I’ve spent a fair amount of time today scratching my head trying to work out how to avoid what are ‘logically’ duplicate results being returned when using a self-join in a database query and thought it best to quickly document what my solution was before I forget it.
This is probably case-specific and may not work in other environments depending on the data being used. It is also going to seem somewhat contrived as I have deliberately tried to keep this as simple as possible and avoided all the supporting tables and also details as to why this is necessary to support the user scenario.

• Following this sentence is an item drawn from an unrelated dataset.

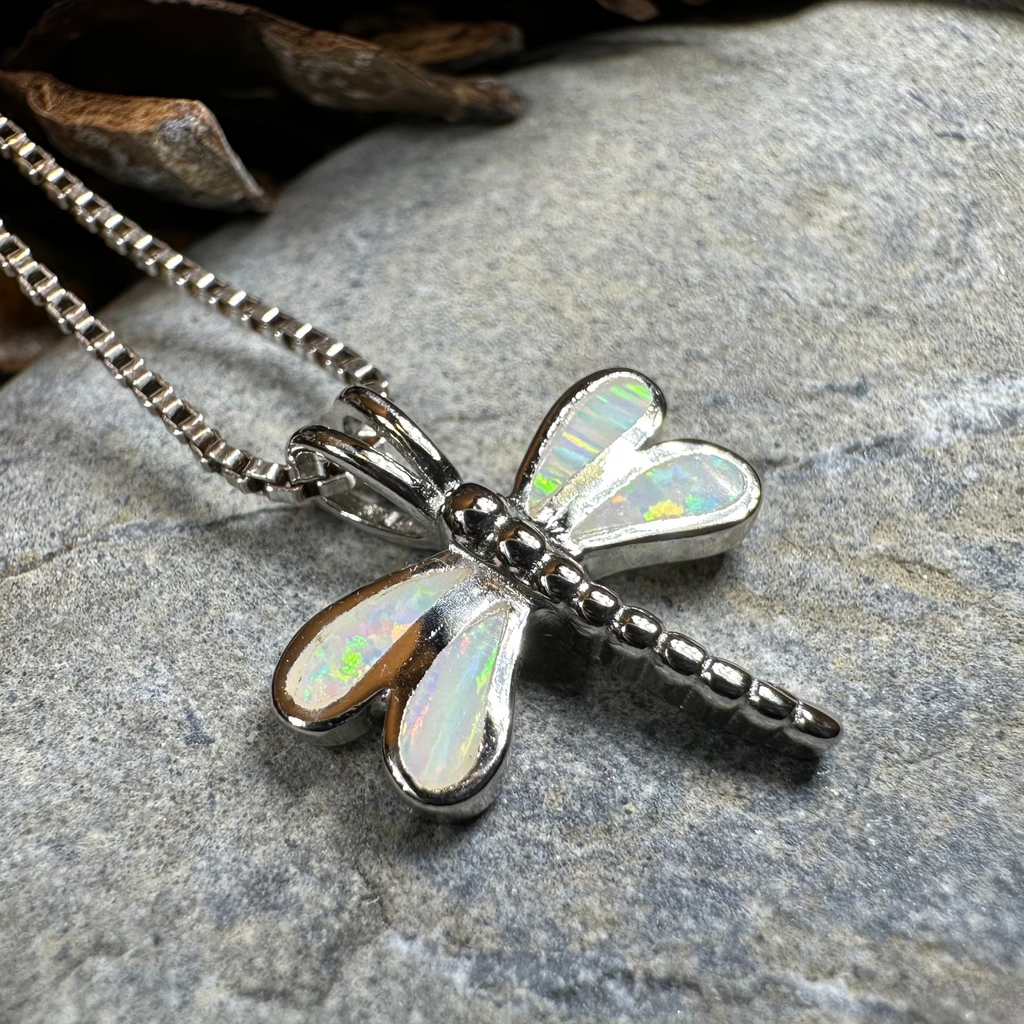 Fairy Meadow Dragonfly Necklace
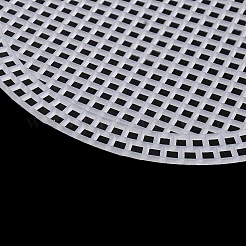 Runde Kunststoffnetz-Canvasplatten&nbsp;DIY-H169-10B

In this example I have a table of name details associated with people which I have created in MySQL 5.0.67 as follows:
DROP TABLE IF EXISTS `schema`.`person`;
CREATE TABLE `schema`.`person` (
`id` int(10) unsigned NOT NULL auto_increment,
`forename` varchar(30) default NULL,
`surname` varchar(30) default NULL,
PRIMARY KEY (`id`)
) ENGINE=InnoDB DEFAULT CHARSET=latin1;
and this is populated with the following five records
1, 'Arthur', 'Dent'
2, 'Albert', 'Einstein'
3, 'Alfred', 'Hitchcock'
4, 'Albus', 'Dumbledore'
5, 'Ethelred', 'The Unready'
If I wish to find all records in this table associated with two people using wildcards (one whose forename begins with ‘A’ and the other whose forename begins with ‘Al’), I ended up using a self-join and two table aliases, e.g. P1 = Person 1 and P2 = Person 2 as follows:
select p1.id, p1.forename, p1.surname, p2.id, p2.forename, p2.surname
from person p1, person p2
where p1.forename like 'A%' and p2.forename like 'Al%';
Now, unfortunately when this is executed this results in all the matching permutations being returned as follows:
1, 'Arthur', 'Dent', 2, 'Albert', 'Einstein'
2, 'Albert', 'Einstein', 2, 'Albert', 'Einstein'
3, 'Alfred', 'Hitchcock', 2, 'Albert', 'Einstein'
4, 'Albus', 'Dumbledore', 2, 'Albert', 'Einstein'
1, 'Arthur', 'Dent', 3, 'Alfred', 'Hitchcock'
2, 'Albert', 'Einstein', 3, 'Alfred', 'Hitchcock'
3, 'Alfred', 'Hitchcock', 3, 'Alfred', 'Hitchcock'
4, 'Albus', 'Dumbledore', 3, 'Alfred', 'Hitchcock'
1, 'Arthur', 'Dent', 4, 'Albus', 'Dumbledore'
2, 'Albert', 'Einstein', 4, 'Albus', 'Dumbledore'
3, 'Alfred', 'Hitchcock', 4, 'Albus', 'Dumbledore'
4, 'Albus', 'Dumbledore', 4, 'Albus', 'Dumbledore'
Not only has this returned duplicates for the individual themselves (e.g. Albert Einstein for both person 1 and person 2) but also the same combinations in a different order (e.g ID 3,2 and 2,3). The first one of these is easy to remove from the result set when an ‘id’ field is present by adding the following criteria in the query
and p1.id != p2.id;
i.e.
select p1.id, p1.forename, p1.surname, p2.id, p2.forename, p2.surname
from person p1, person p2
where p1.forename like 'A%' and p2.forename like 'Al%'
and p1.id != p2.id;
this results in the following result set:
1, 'Arthur', 'Dent', 2, 'Albert', 'Einstein'
3, 'Alfred', 'Hitchcock', 2, 'Albert', 'Einstein'
4, 'Albus', 'Dumbledore', 2, 'Albert', 'Einstein'
1, 'Arthur', 'Dent', 3, 'Alfred', 'Hitchcock'
2, 'Albert', 'Einstein', 3, 'Alfred', 'Hitchcock'
4, 'Albus', 'Dumbledore', 3, 'Alfred', 'Hitchcock'
1, 'Arthur', 'Dent', 4, 'Albus', 'Dumbledore'
2, 'Albert', 'Einstein', 4, 'Albus', 'Dumbledore'
3, 'Alfred', 'Hitchcock', 4, 'Albus', 'Dumbledore'
As can be seen however, this still has the same logical combinations duplicated (order not withstanding). The removal of these records is significantly harder to do. I initially wrongly thought that I would be able to remove this through the addition of a ‘distinct’ keyword to the query but this only operates across all columns in the record and therefore doesn’t deliver the required result.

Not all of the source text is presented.